Zico sahaya!
Müthiş ilk yarının ardından hepimiz mucizenin peşine düşmüştük. Alex, Kezman ve Tümer'in bir arada oynadığı takımın defansif zaafları olacağını düşünürken, üç yıldızın da sahaya ruhlarını koyduklarını görüyorduk. İki golü ustaca yaratmışlar ve tur kapısını aralamışlardı. Geriye kalan skoru koruyarak fırsatları değerlendirmekti. Buna karşılık Van Gaal, ikinci yarıya iki ofansif değişiklik ile başlayıp, oyunu etkili biçimde iki kanattan oynamaya başladı. Yine de F.Bahçe defansı direniyor, özellikle Lugano tek başına rakibin karşısına dikiliyordu.

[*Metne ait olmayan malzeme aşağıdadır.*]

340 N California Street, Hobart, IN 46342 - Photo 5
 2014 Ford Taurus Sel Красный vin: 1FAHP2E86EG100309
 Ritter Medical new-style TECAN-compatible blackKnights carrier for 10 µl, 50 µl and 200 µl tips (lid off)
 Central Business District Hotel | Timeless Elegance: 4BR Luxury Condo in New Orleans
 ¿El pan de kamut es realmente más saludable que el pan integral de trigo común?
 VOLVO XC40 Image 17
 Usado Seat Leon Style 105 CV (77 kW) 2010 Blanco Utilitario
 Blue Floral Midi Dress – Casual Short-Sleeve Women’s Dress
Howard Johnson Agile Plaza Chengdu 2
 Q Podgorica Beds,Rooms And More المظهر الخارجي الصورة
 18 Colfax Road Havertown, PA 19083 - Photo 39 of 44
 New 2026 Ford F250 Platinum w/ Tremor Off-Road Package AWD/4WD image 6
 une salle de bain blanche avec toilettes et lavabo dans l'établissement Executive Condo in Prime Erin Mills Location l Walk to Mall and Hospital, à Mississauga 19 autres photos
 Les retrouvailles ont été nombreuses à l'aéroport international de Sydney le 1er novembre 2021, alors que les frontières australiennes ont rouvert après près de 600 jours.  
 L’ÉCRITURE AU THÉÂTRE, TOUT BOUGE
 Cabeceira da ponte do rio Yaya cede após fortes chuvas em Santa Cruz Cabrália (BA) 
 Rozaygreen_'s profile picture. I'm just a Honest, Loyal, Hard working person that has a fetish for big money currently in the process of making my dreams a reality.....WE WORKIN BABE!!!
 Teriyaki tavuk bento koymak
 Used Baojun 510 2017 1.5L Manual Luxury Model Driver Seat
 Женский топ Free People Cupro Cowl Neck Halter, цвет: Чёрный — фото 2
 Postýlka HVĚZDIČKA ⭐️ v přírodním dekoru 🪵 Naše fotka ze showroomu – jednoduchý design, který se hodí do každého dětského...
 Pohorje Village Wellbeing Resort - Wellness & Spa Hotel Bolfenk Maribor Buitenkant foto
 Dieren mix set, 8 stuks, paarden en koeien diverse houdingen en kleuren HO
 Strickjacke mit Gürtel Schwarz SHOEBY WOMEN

BU DERS BREZİLYA'DA YOK MU? F.Bahçe takımının bu istek karşısındaki direnci ve konsantrasyonu üst düzeyde kaldı. Disiplinli oynadılar ve yardımlaştılar. Ama ilk yarıdaki gibi çıkamıyor, ilerde çoğalamıyor, rakibi az adamla yakaladıklarında hızlanamıyorlardı. Kezman ve Alex, yorgunluk sinyalleri veriyor, Tümer ise orta saha elbisesini üstünden çıkarmadan, futbol mantalitesini alt üst edecek şekilde çalışkan kalıyordu.Bu noktada oyuncular büyük takım genlerini hareket geçirip, kimsenin ummadığı bir skoru yakalamışlardı. Bunu sürdürecek istikrarın kulübeden gelen emirle kalması gerekiyordu. Zico galip takımı bozmuyor, Kezman ve Alex'e katlanmaya devam ediyor, belki de "Duran top olur da, bir şeyler yaparım" diye düşünüyordu. Böyle olması lazım. Çünkü rakibe teslim olmaya başlayan takımınızın ruhunu geri getirecek hareketi yapmanız teknik direktörlüğün anayasasında var. Ama bu ders Brezilya'da okutulmuyorsa, bunu da bilemeyiz. Dakikalar geçtikçe umutlar artıyordu. Alkmaar farkı 64'te bire indirdikten sonra takım yeteneklerini ön plana çıkarıp, oyunu geniş alana yığdı. Yine de gedik yaratamadı. Ta ki bir duran top, bir pozisyon hatası, bir kaleci kararsızlığı ve garip kafa golü gelene kadar. "Böyle mi olmalıydı?" diyerek isyan ettik. Fenerbahçeli futbolcular istediklerinde büyük olabileceklerini gördüler. Bu önemli. Zico da teknik direktör olduğunu hatırlarsa sorun kalmayacak.